Antimicrobial Resistance: Tackling the global challenge

The BSAS is looking forward to hosting the session on Antimicrobial Resistance at this year’s Annual Conference. Taking place from 10:30am-12pm on Wednesday 10th April, the session will examine the fascinating subject of antimicrobial resistance from the perspective of both human and animal health. 
 
Dr Mary Vickers, Product Manager for the Livestock Information Programme at the Agriculture and Horticulture Development Board (AHDB), will chair the session. We spoke to Dr Vickers to find out more about the pressing issue of antimicrobial resistance and what the session will offer attendees. 
 
Could you tell us a bit about your own background who you work for and what you do?
“I work for the Agriculture and Horticulture Development Board. Until recently I was a Senior Livestock Scientist but have recently moved to a new role. I am now a Product Manager for the Livestock Information Programme. My role is focused on developing opportunities to gain wider industry benefit from a new national multispecies traceability database.”

 
What will the Antimicrobial Resistance session focus on and what does it hope to address?
“This session will explore the issue of antimicrobial resistance from both a livestock and human perspective. A number of papers discuss the prevalence of antimicrobial resistance and factors affecting it.”
 
Who will be speaking at the session and what will they discuss?

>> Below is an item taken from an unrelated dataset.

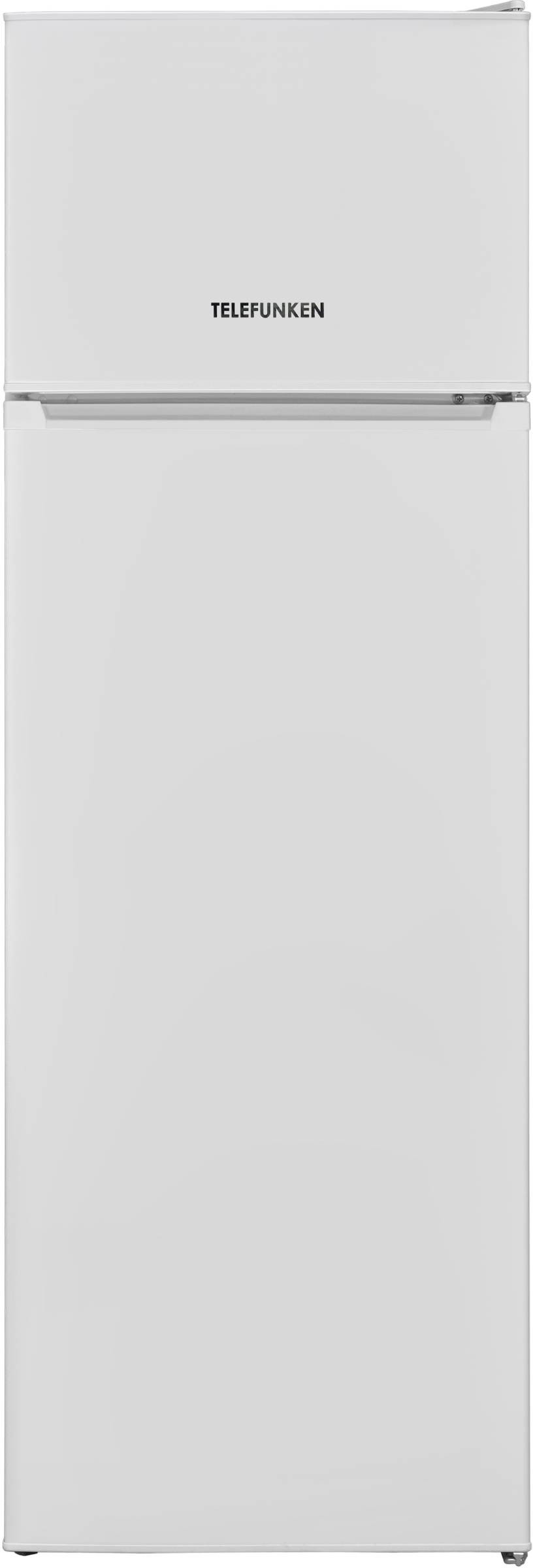 TELEFUNKEN Réfrigérateur congélateur haut Froid Statique 243L Blanc R2P283FW TELEFUNKEN Réfrigérateur congélateur haut Froid Statique 243L Blanc R2P283FW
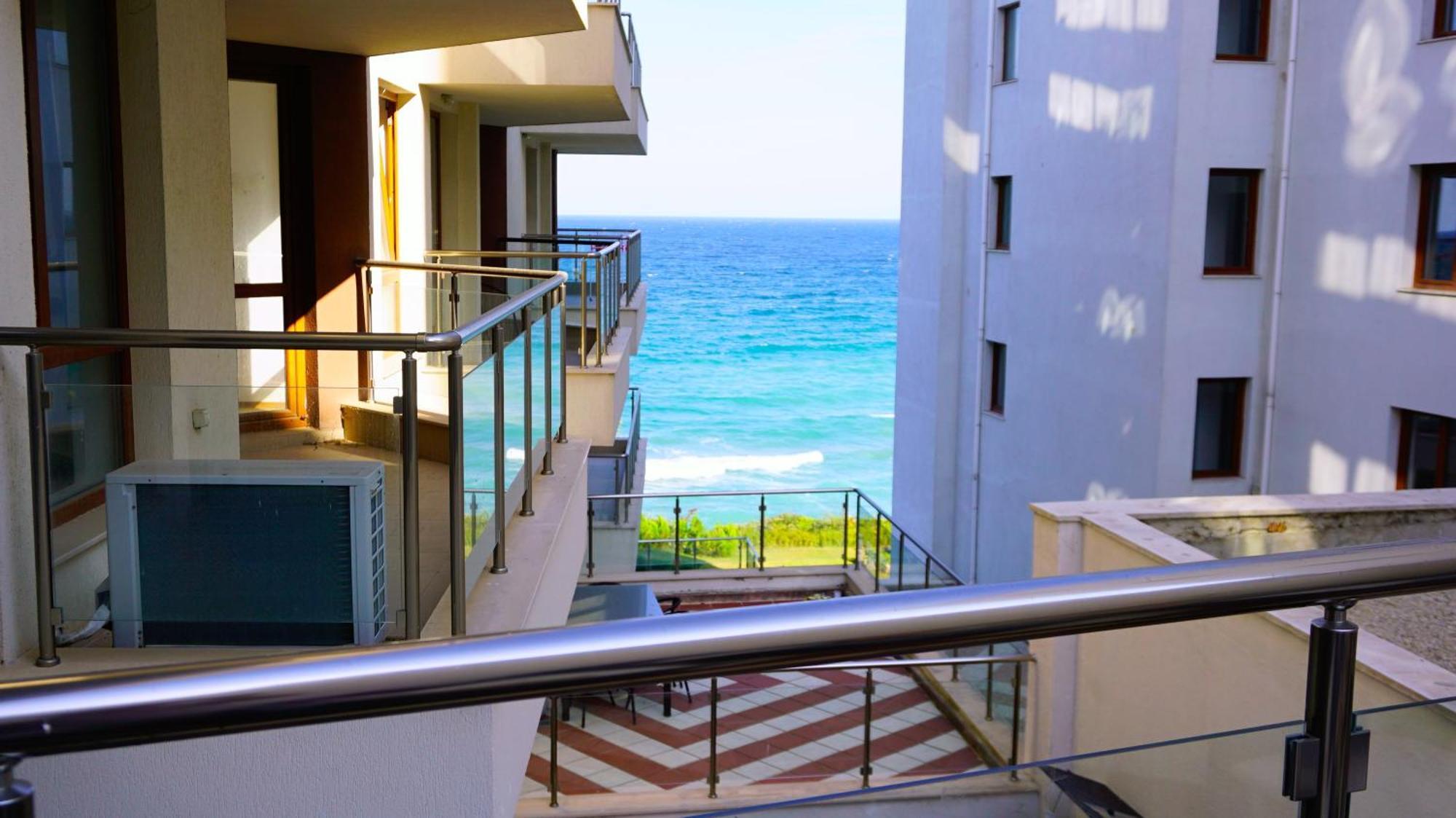 Апартаменти Бяла Клиф На Плажа - Apartments Byala Cliff First Line ห้อง รูปภาพ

“The session includes a range of speakers including Philip Howard from the University of Leeds and Leeds Teaching Hospitals NHS Trust who will talk about his work monitoring the prescribing of antibiotics and AMR.
Philip has been active in the field of Antimicrobial Stewardship (AMS) for many years. He has been involved in the development of national AMS guidance for primary care and hospitals, the National Antimicrobial Prescribing and Stewardship Competences.
 
“In the livestock arena, there are number of speakers such as Partha Ray and Caroline Rymer from the University of Reading, and Trevor Alexander from Agriculture and Agri-Food Canada, who will be talking about antimicrobial resistance in cattle.”
 
Who should attend this session?
“Anyone who wants to understand more about the issue of antibiotic resistance and how it is being tackled in human medicine and in livestock agriculture.”
 
How can ideas talked about in the session be utilised in the agriculture and animal science sectors?
“Resistance to antimicrobials is one of the biggest challenges worldwide for animal and human health and this session will help inform discussion in this area and promote the shared responsibility that everyone has to tackle the issue.”